Level of Effort/Feasibility: Medium-Difficult. Depends on whether it is a shell script or has a UI that helps you handle and resolve errors or issues. Depends on whether it can truly be a one-time script or needs to handle repeated migrations.

Technical Note: This also has limitations/challenges around when you would run this migration if it is truly a one-time migration. Maybe it would need to be re-run or happen multiple times during a period of transition from one mode of operation to another. Maybe you would need to run it by program, by facility, or by a limited set of products.


Idea 6: View Requisition Adjustments and SOH inside Stock UI

When a user is inside the Stock UI, it could provide a view-only look at the adjustments and the stock-on-hand numbers that were submitted on Requisition forms. This data would not actually become stock events in the system—instead we would just show the Requisition adjustments side-by-side on the same screen, or inside the same table, as the Stock adjustment events. Hopefully the user would see that they correspond often. The view-only data from the Requisition Forms would clearly be identified with a visual indicator that it comes from Requisitions, not the Stock service. The user may want an option to show/hide that part of the screen.

Benefits: Even if the data comes from two different places, or has two different data models, at least the user has an option to see it together in one place.

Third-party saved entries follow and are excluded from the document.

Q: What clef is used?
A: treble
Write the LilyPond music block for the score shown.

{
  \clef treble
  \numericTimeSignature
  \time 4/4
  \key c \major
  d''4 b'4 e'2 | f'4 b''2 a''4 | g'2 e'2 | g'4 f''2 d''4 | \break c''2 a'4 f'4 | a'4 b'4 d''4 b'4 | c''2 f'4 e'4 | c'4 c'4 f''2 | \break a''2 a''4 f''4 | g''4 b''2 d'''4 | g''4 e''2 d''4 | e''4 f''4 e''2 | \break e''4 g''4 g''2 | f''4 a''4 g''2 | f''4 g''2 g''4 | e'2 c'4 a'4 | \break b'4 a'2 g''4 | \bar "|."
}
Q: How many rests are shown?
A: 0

Level of Effort/Feasibility: Low effort


Ideas 2-6 all deal with how the stock-related data in Requisition forms could flow to the Stock service. 
Next, the ideas below address the reverse direction.

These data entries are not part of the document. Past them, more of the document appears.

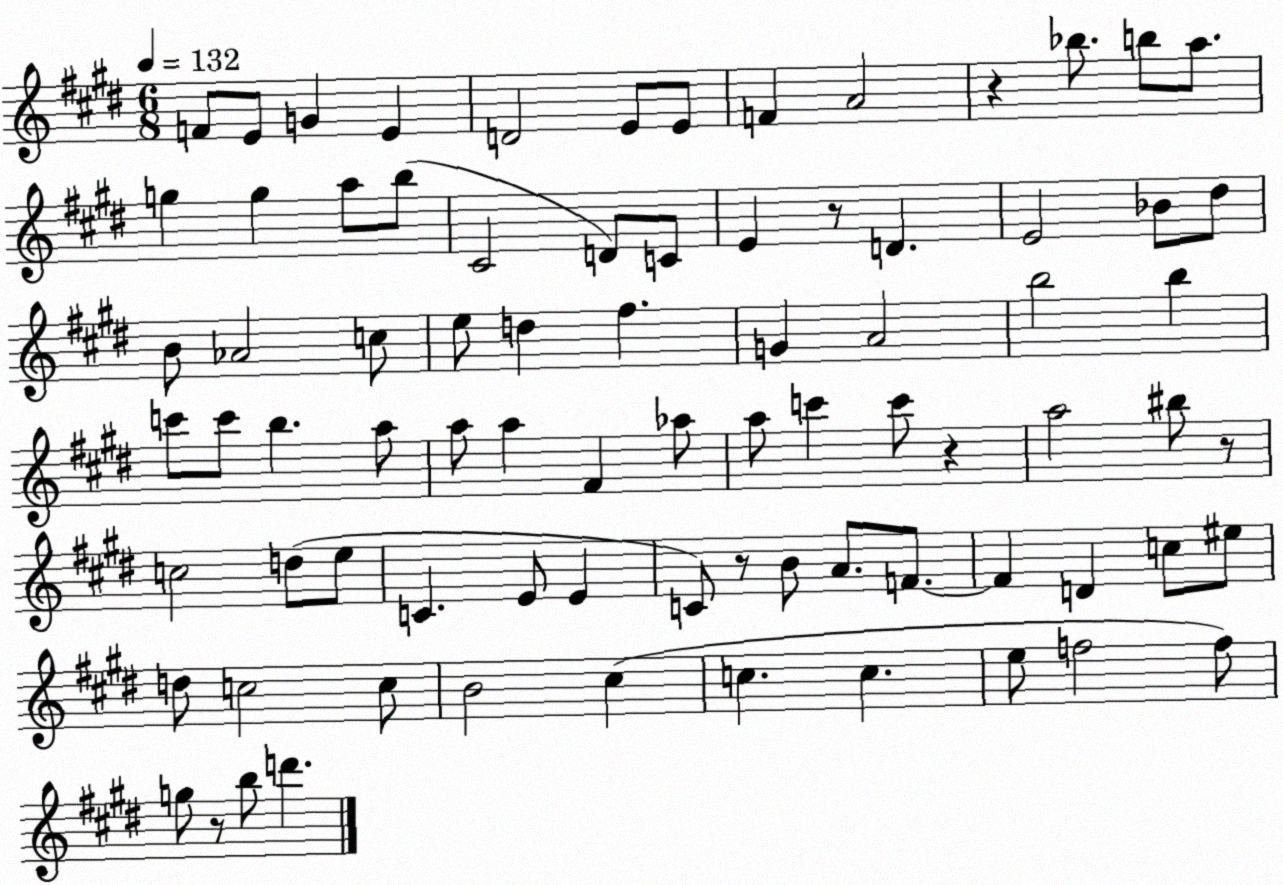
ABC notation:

X:1
T:Untitled
M:6/8
L:1/4
K:E
F/2 E/2 G E D2 E/2 E/2 F A2 z _b/2 b/2 a/2 g g a/2 b/2 ^C2 D/2 C/2 E z/2 D E2 _B/2 ^d/2 B/2 _A2 c/2 e/2 d ^f G A2 b2 b c'/2 c'/2 b a/2 a/2 a ^F _a/2 a/2 c' c'/2 z a2 ^b/2 z/2 c2 d/2 e/2 C E/2 E C/2 z/2 B/2 A/2 F/2 F D c/2 ^e/2 d/2 c2 c/2 B2 ^c c c e/2 f2 f/2 g/2 z/2 b/2 d'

Idea 7: Stock data auto-populates the Requisition form

When a user is filling out their monthly/periodic Requisition form, if they have the Stock service enabled for that program, then the Requisition form can be auto-populated with data from the Stock service. Many fields on the Requisition Form can be populated by querying the Stock APIs: Beginning Balance, Received Quantity, Consumed Quantity, Adjustments, and Stock-on-Hand. All of those fields can pull data from the Stock APIs by querying for balances as of a certain date and querying for adjustments and stock card line items during a range of dates (using dates from the start and end of the Requisition reporting period).

Benefits: Significant reduction in duplicative data entry. For users of Stock Management, it makes the requisition burden much lower.

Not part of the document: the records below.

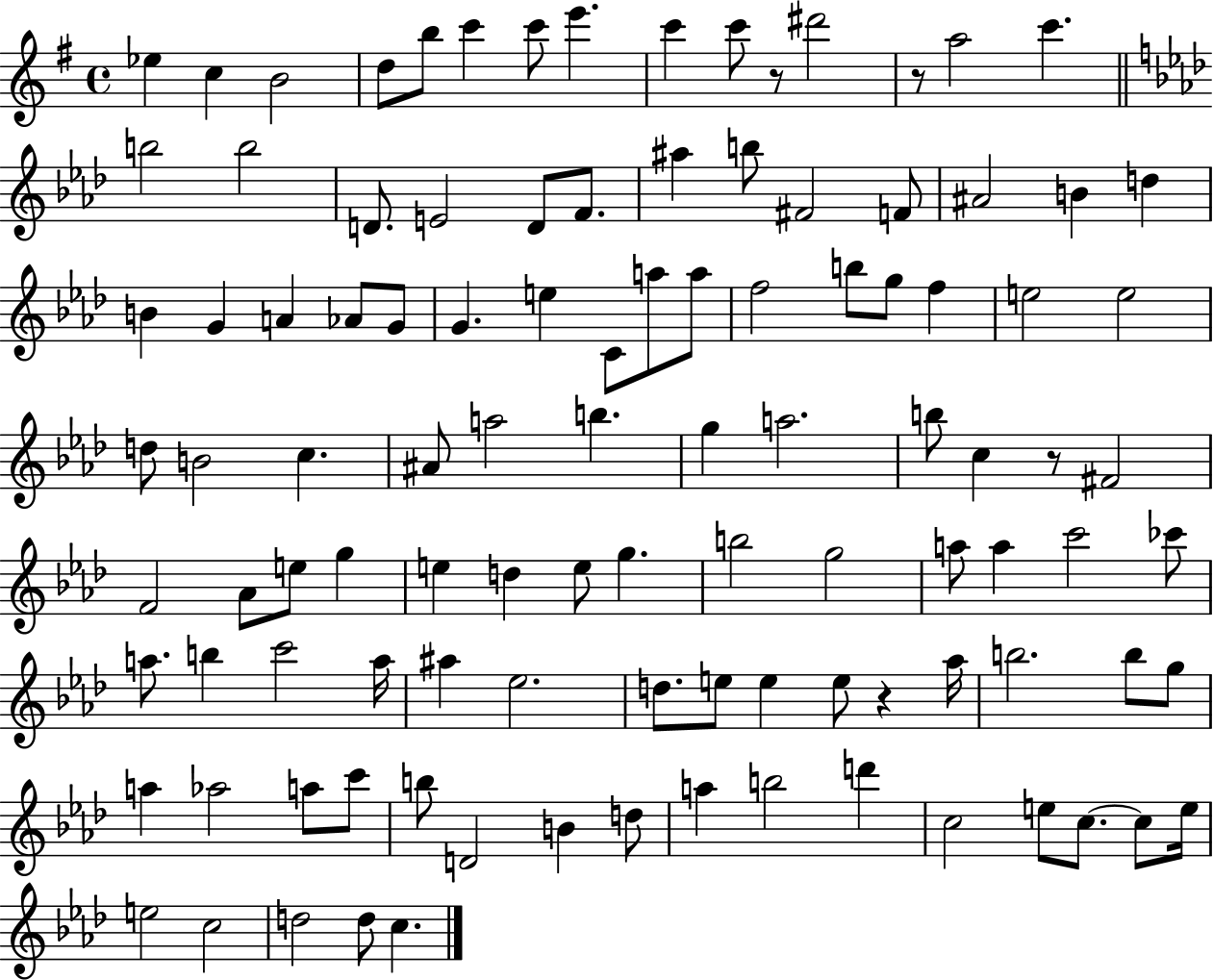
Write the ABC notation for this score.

X:1
T:Untitled
M:4/4
L:1/4
K:G
_e c B2 d/2 b/2 c' c'/2 e' c' c'/2 z/2 ^d'2 z/2 a2 c' b2 b2 D/2 E2 D/2 F/2 ^a b/2 ^F2 F/2 ^A2 B d B G A _A/2 G/2 G e C/2 a/2 a/2 f2 b/2 g/2 f e2 e2 d/2 B2 c ^A/2 a2 b g a2 b/2 c z/2 ^F2 F2 _A/2 e/2 g e d e/2 g b2 g2 a/2 a c'2 _c'/2 a/2 b c'2 a/4 ^a _e2 d/2 e/2 e e/2 z _a/4 b2 b/2 g/2 a _a2 a/2 c'/2 b/2 D2 B d/2 a b2 d' c2 e/2 c/2 c/2 e/4 e2 c2 d2 d/2 c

Level of Effort/Feasibility: Low effort. APIs already exist.

Technical Note: This would be pretty simple to implement. It would just be configured by a toggle on each Requisition Template. The logic could all go inside the Requisition service (Java code), and basically at the moment of initiation of a requisition, it would look to see if Stock Cards exist for this facility, and if so it would use any available information in the stock service to pre-populate the Requisition form. If the data does not exist, then it fails gracefully and it's up to the end user to fill out the entire Requisition form.


Idea 10: Fancy Mapping Between Reasons

Idea 10 is a fancy alternative to Idea 1. Instead of Idea 1, which would harmonize data, we could instead accept the brutal reality that the adjustment reasons and stock-on-hand numbers are fundamentally and forever different between the Requisition and Stock services. To address that, a fancy solution is to create a configurable mapping between the two sets of reasons. The mapping would say "Requisition adjustment reason X maps to Stock adjustment reason Y". 

Benefits: The mapping could be used in a variety of ways. First, it could control the automatic push or pull of stock data between either service. For example, the Requisition adjustments could be automatically mapped to Stock adjustments that use a totally different vocabulary. Second, it could be used for reporting in order to align data so you could have one report or one analysis that would take in data from both services that uses different lists of reasons but visualizes the data together.

Level of Effort/Feasibility: Very difficult and costly to build this. The level of complexity and on-going maintenance burden are likely not justified.